Finding Belief Geometries with Sparse Autoencoders

arXiv cs.AI / 4/6/2026

💬 OpinionSignals & Early TrendsIdeas & Deep AnalysisModels & Research

Key Points

  • The paper tackles mechanistic interpretability by asking whether large language models encode “belief states” as simplex-shaped geometric structures in internal representations, which had been shown in transformers trained on hidden Markov model data.
  • It proposes a pipeline that uses sparse autoencoders, k-subspace clustering over SAE features, and simplex fitting (via AANet) to discover candidate simplex-structured subspaces in transformer representations.
  • The authors first validate the approach on a transformer trained with a multipartite hidden Markov model where the belief-state geometry is known, then apply it to Gemma-2-9B to find 13 priority clusters with candidate simplex geometry (K≥3).
  • To separate genuine belief-state encoding from spurious “tiling” artifacts, they use barycentric prediction as a discriminating test, finding 5 real clusters that pass at least one split while no null clusters do.
  • One identified cluster (768_596) achieves the highest causal steering score and is the only one where passive prediction and active intervention agree, but the authors frame the results as preliminary and call for a more structured confirmation protocol.

Abstract

Understanding the geometric structure of internal representations is a central goal of mechanistic interpretability. Prior work has shown that transformers trained on sequences generated by hidden Markov models encode probabilistic belief states as simplex-shaped geometries in their residual stream, with vertices corresponding to latent generative states.
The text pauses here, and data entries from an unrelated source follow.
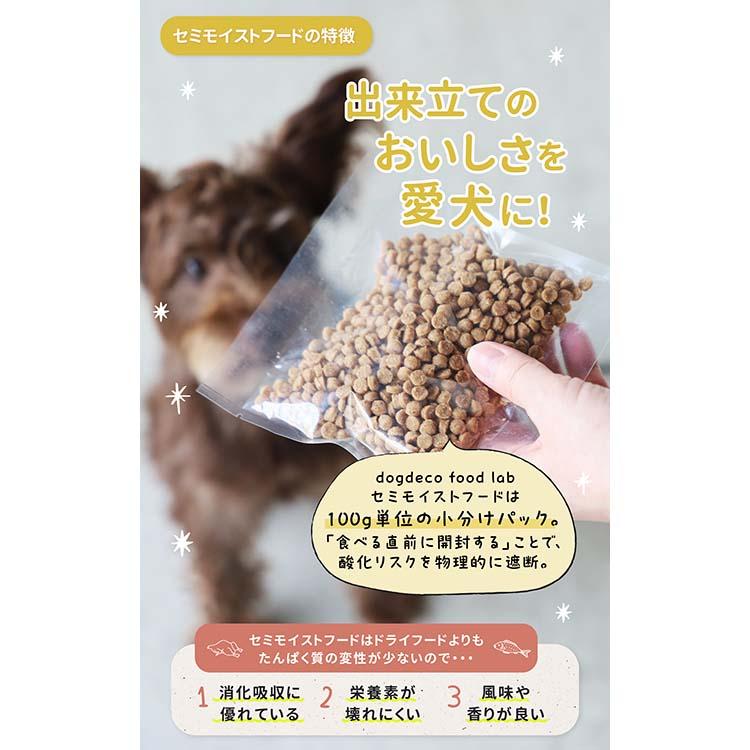 dogdeco food lab 2種類のセミモイストフード お試しパック200g×2点
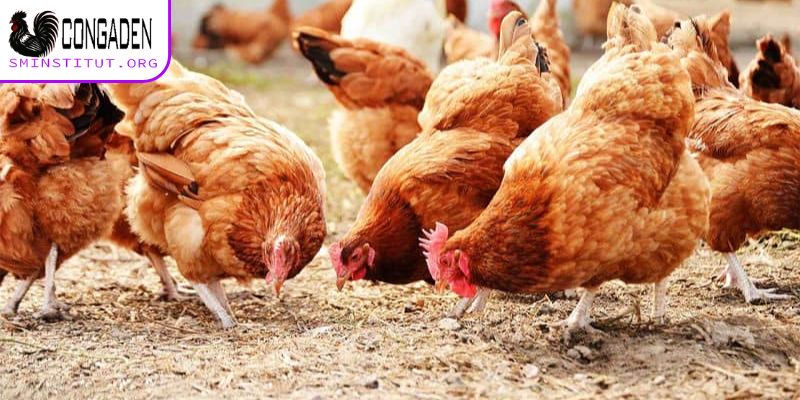 Bật mí cách trị mạt gà dựa vào hóa chất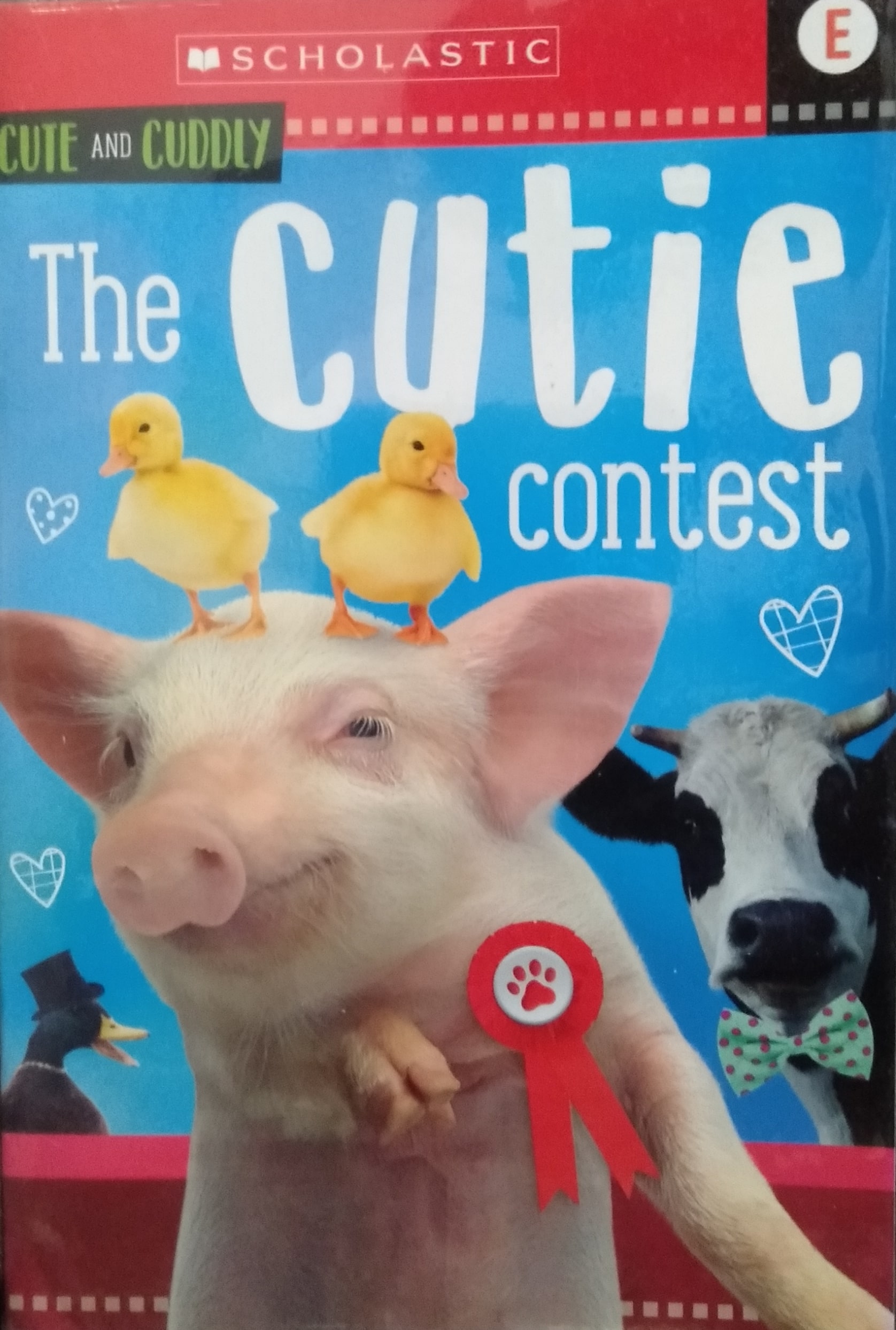IMG : Animal Antics Cute and Cuddly The cutie Contest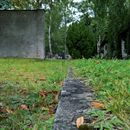 (2017-08) HLM (035) - Alter Israelitischer Friedhof Eutritzsch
Whether large language models trained on naturalistic text develop analogous geometric representations remains an open question. We introduce a pipeline for discovering candidate simplex-structured subspaces in transformer representations, combining sparse autoencoders (SAEs), k-subspace clustering of SAE features, and simplex fitting using AANet. We validate the pipeline on a transformer trained on a multipartite hidden Markov model with known belief-state geometry. Applied to Gemma-2-9B, we identify 13 priority clusters exhibiting candidate simplex geometry (K \geq 3). A key challenge is distinguishing genuine belief-state encoding from tiling artifacts: latents can span a simplex-shaped subspace without the mixture coordinates carrying predictive signal beyond any individual feature. We therefore adopt barycentric prediction as our primary discriminating test. Among the 13 priority clusters, 3 exhibit a highly significant advantage on near-vertex samples (Wilcoxon p < 10^{-14}) and 4 on simplex-interior samples. Together 5 distinct real clusters pass at least one split, while no null cluster passes either. One cluster, 768_596, additionally achieves the highest causal steering score in the dataset. This is the only case where passive prediction and active intervention converge. We present these findings as preliminary evidence that genuine belief-like geometry exists in Gemma-2-9B's representation space, and identify the structured evaluation that would be required to confirm this interpretation.